The appropriate next step would be to test for the JAK2 V617F mutation. This patient likely has polycythemia vera (PV), a myeloproliferative neoplasm (MPN). Symptoms include generalized pruritus that often worsens after bathing, erythromelalgia (a burning sensation in the palms and soles), and hypermetabolic symptoms such as fever, weight loss, and sweating. On physical examination, patients may have plethora and hepatosplenomegaly. Twenty percent of patients experience arterial or venous thrombosis as their initial symptom. PV and the other MPNs predispose to the development of the Budd-Chiari syndrome (BCS), which is characterized by hepatic venous outflow tract obstruction (including the suprahepatic inferior vena cava) and other intra-abdominal thromboses, such as thrombosis of the portal, superior mesenteric, or splenic vein. Abdominal pain, ascites, liver and spleen enlargement, and portal hypertension occur with symptomatic BCS. Ninety-five percent of patients with PV have the JAK2 mutation, so it is an appropriate confirmatory test for suspected PV. Anticoagulant therapy is recommended for all patients with BCS regardless of whether an underlying prothrombotic disorder is discovered. Phlebotomy to normalize the hematocrit (goal <45% in men, <42% in women) is indicated, and adding the myelosuppressive agent hydroxyurea to phlebotomy decreases thrombotic events in patients with PV.

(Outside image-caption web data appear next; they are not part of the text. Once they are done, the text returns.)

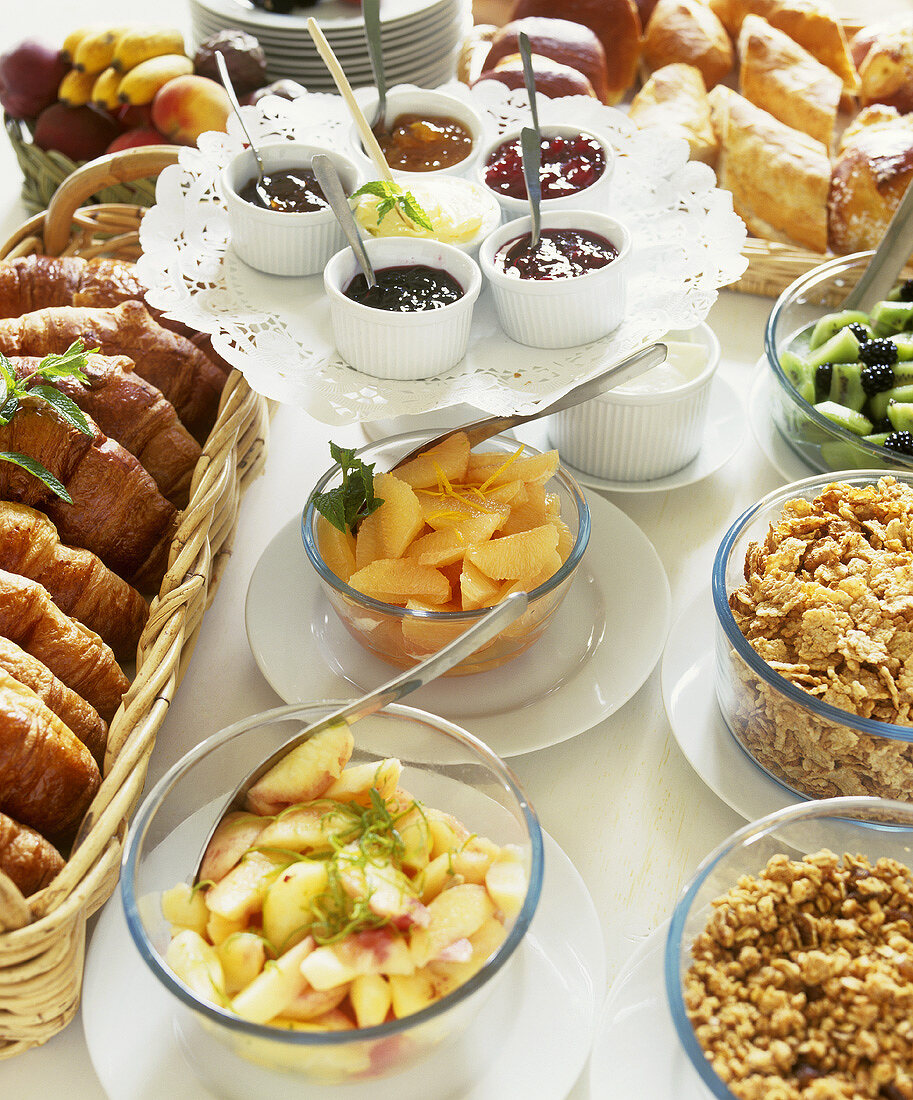 Breakfast buffet: muesli, fruit, jams, baked goods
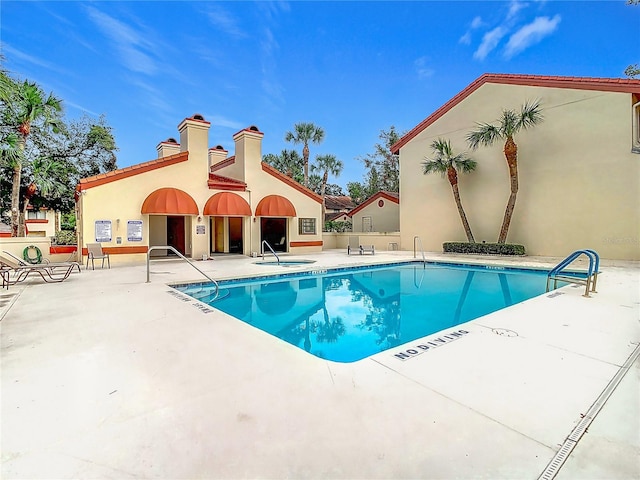 view of pool featuring a patio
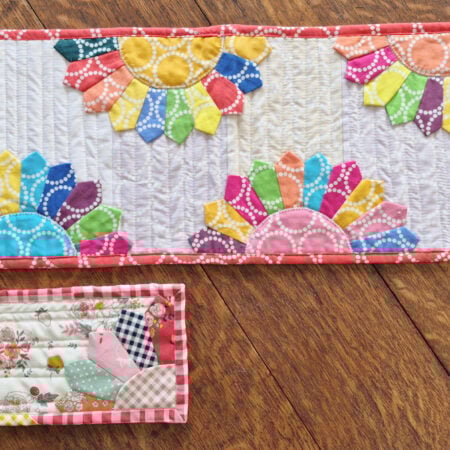 A colorful quilted table runner with vibrant Dresden Plates and a small quilted piece featuring a house and floral design lie on a wooden floor—perfect inspiration for your next Pattern Set or How To project.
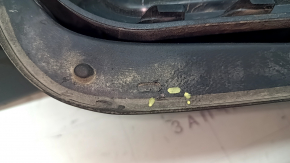The fuel filler flap housing of a VW Tiguan 18-24 has broken fasteners, a torn seal, and a crack in the housing.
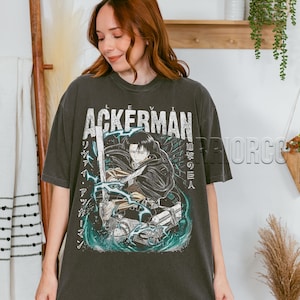 Pu&ograve; includere: T-shirt grigio scuro con la scritta "ACKERMAN" sopra un'illustrazione in stile anime di un personaggio con una spada. La grafica include testo giapponese e dettagli turchese. La maglietta &egrave; indossata da una persona.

Bone marrow aspirate and biopsy findings are nonspecific in PV; they may show an increased number of megakaryocytes in a moderately to markedly hypercellular marrow and an increase in reticulin. Because they are not diagnostic and the procedure is invasive, bone marrow biopsy is typically unnecessary and is not an appropriate early diagnostic test.

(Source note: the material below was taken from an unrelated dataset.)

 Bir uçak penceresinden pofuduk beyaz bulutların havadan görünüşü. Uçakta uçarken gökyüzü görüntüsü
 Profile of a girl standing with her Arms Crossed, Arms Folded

Although factor V Leiden is a risk factor for venous thromboembolism, it would not explain the patient's erythrocytosis, leukocytosis, or thrombocytosis. Therefore, it is not a helpful test to perform in this patient.
Paroxysmal nocturnal hemoglobinuria (PNH) is an acquired clonal stem cell disorder that should be considered in patients with hemolytic anemia, pancytopenia, or unprovoked atypical thrombosis. Thrombotic complications of PNH may occur in atypical locations, such as the hepatic veins (BCS) or mesenteric or cerebral circulation, and develop more frequently in patients with large PNH clones. PNH is diagnosed by flow cytometry, which can detect CD55 and CD59 deficiency on the surface of peripheral erythrocytes or leukocytes. Erythrocytosis, leukocytosis, thrombocythemia, and generalized pruritus are not typical for PNH.